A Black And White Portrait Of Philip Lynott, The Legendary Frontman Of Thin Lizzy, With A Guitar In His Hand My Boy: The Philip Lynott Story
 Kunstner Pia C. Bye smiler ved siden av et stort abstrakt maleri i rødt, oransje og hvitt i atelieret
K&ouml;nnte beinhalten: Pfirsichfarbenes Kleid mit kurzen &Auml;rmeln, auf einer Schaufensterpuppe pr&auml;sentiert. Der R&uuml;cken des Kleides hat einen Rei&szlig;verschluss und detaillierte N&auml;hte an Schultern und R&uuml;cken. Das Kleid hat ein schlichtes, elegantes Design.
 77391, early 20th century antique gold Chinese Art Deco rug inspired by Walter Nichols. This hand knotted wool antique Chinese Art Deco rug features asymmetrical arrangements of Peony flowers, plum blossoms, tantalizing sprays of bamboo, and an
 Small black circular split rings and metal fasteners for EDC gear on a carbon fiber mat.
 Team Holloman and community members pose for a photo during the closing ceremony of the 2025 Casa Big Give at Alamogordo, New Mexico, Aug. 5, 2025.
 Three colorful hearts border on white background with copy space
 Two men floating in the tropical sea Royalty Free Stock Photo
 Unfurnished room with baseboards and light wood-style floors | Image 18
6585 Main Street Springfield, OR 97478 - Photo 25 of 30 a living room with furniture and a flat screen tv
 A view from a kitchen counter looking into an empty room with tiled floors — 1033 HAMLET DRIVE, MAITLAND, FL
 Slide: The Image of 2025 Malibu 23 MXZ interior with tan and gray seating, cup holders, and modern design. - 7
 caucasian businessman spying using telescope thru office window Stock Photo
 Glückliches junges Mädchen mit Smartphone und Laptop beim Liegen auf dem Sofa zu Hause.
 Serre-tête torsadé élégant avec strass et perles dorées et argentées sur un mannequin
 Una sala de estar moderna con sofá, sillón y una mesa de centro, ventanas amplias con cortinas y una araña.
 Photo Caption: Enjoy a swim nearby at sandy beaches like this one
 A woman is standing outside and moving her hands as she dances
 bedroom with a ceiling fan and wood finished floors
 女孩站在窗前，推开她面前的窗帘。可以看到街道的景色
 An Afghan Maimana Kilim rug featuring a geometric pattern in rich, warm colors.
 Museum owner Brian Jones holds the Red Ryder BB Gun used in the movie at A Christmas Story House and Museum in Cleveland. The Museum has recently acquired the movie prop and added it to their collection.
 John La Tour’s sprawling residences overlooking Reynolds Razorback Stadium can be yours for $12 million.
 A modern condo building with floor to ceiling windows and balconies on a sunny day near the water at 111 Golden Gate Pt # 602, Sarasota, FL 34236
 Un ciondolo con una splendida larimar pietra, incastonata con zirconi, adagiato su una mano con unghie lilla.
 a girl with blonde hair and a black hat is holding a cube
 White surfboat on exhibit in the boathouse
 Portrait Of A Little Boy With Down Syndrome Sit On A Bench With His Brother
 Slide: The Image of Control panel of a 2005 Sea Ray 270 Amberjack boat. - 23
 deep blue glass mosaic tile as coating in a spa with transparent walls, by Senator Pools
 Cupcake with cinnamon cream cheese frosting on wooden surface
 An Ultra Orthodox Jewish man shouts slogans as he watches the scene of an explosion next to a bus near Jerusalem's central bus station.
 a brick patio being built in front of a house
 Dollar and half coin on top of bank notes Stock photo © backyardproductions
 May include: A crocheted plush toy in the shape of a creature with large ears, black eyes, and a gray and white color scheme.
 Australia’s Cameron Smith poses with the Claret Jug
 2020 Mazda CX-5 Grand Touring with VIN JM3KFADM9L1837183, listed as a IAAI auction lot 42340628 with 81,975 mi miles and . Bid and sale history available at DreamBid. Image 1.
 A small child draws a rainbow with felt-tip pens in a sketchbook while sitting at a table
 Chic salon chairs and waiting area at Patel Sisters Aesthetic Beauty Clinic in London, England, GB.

**PROBLEM REQUIREMENTS:** Copy every line of the material, please, keeping it exactly the same.

**RESPONSE:**
A Black And White Portrait Of Philip Lynott, The Legendary Frontman Of Thin Lizzy, With A Guitar In His Hand My Boy: The Philip Lynott Story
 Kunstner Pia C. Bye smiler ved siden av et stort abstrakt maleri i rødt, oransje og hvitt i atelieret
K&ouml;nnte beinhalten: Pfirsichfarbenes Kleid mit kurzen &Auml;rmeln, auf einer Schaufensterpuppe pr&auml;sentiert. Der R&uuml;cken des Kleides hat einen Rei&szlig;verschluss und detaillierte N&auml;hte an Schultern und R&uuml;cken. Das Kleid hat ein schlichtes, elegantes Design.
 77391, early 20th century antique gold Chinese Art Deco rug inspired by Walter Nichols. This hand knotted wool antique Chinese Art Deco rug features asymmetrical arrangements of Peony flowers, plum blossoms, tantalizing sprays of bamboo, and an
 Small black circular split rings and metal fasteners for EDC gear on a carbon fiber mat.
 Team Holloman and community members pose for a photo during the closing ceremony of the 2025 Casa Big Give at Alamogordo, New Mexico, Aug. 5, 2025.
 Three colorful hearts border on white background with copy space
 Two men floating in the tropical sea Royalty Free Stock Photo
 Unfurnished room with baseboards and light wood-style floors | Image 18
6585 Main Street Springfield, OR 97478 - Photo 25 of 30 a living room with furniture and a flat screen tv
 A view from a kitchen counter looking into an empty room with tiled floors — 1033 HAMLET DRIVE, MAITLAND, FL
 Slide: The Image of 2025 Malibu 23 MXZ interior with tan and gray seating, cup holders, and modern design. - 7
 caucasian businessman spying using telescope thru office window Stock Photo
 Glückliches junges Mädchen mit Smartphone und Laptop beim Liegen auf dem Sofa zu Hause.
 Serre-tête torsadé élégant avec strass et perles dorées et argentées sur un mannequin
 Una sala de estar moderna con sofá, sillón y una mesa de centro, ventanas amplias con cortinas y una araña.
 Photo Caption: Enjoy a swim nearby at sandy beaches like this one
 A woman is standing outside and moving her hands as she dances
 bedroom with a ceiling fan and wood finished floors
 女孩站在窗前，推开她面前的窗帘。可以看到街道的景色
 An Afghan Maimana Kilim rug featuring a geometric pattern in rich, warm colors.
 Museum owner Brian Jones holds the Red Ryder BB Gun used in the movie at A Christmas Story House and Museum in Cleveland. The Museum has recently acquired the movie prop and added it to their collection.
 John La Tour’s sprawling residences overlooking Reynolds Razorback Stadium can be yours for $12 million.
 A modern condo building with floor to ceiling windows and balconies on a sunny day near the water at 111 Golden Gate Pt # 602, Sarasota, FL 34236
 Un ciondolo con una splendida larimar pietra, incastonata con zirconi, adagiato su una mano con unghie lilla.
 a girl with blonde hair and a black hat is holding a cube
 White surfboat on exhibit in the boathouse
 Portrait Of A Little Boy With Down Syndrome Sit On A Bench With His Brother
 Slide: The Image of Control panel of a 2005 Sea Ray 270 Amberjack boat. - 23
 deep blue glass mosaic tile as coating in a spa with transparent walls, by Senator Pools
 Cupcake with cinnamon cream cheese frosting on wooden surface
 An Ultra Orthodox Jewish man shouts slogans as he watches the scene of an explosion next to a bus near Jerusalem's central bus station.
 a brick patio being built in front of a house
 Dollar and half coin on top of bank notes Stock photo © backyardproductions
 May include: A crocheted plush toy in the shape of a creature with large ears, black eyes, and a gray and white color scheme.
 Australia’s Cameron Smith poses with the Claret Jug
 2020 Mazda CX-5 Grand Touring with VIN JM3KFADM9L1837183, listed as a IAAI auction lot 42340628 with 81,975 mi miles and . Bid and sale history available at DreamBid. Image 1.
 A small child draws a rainbow with felt-tip pens in a sketchbook while sitting at a table
 Chic salon chairs and waiting area at Patel Sisters Aesthetic Beauty Clinic in London, England, GB.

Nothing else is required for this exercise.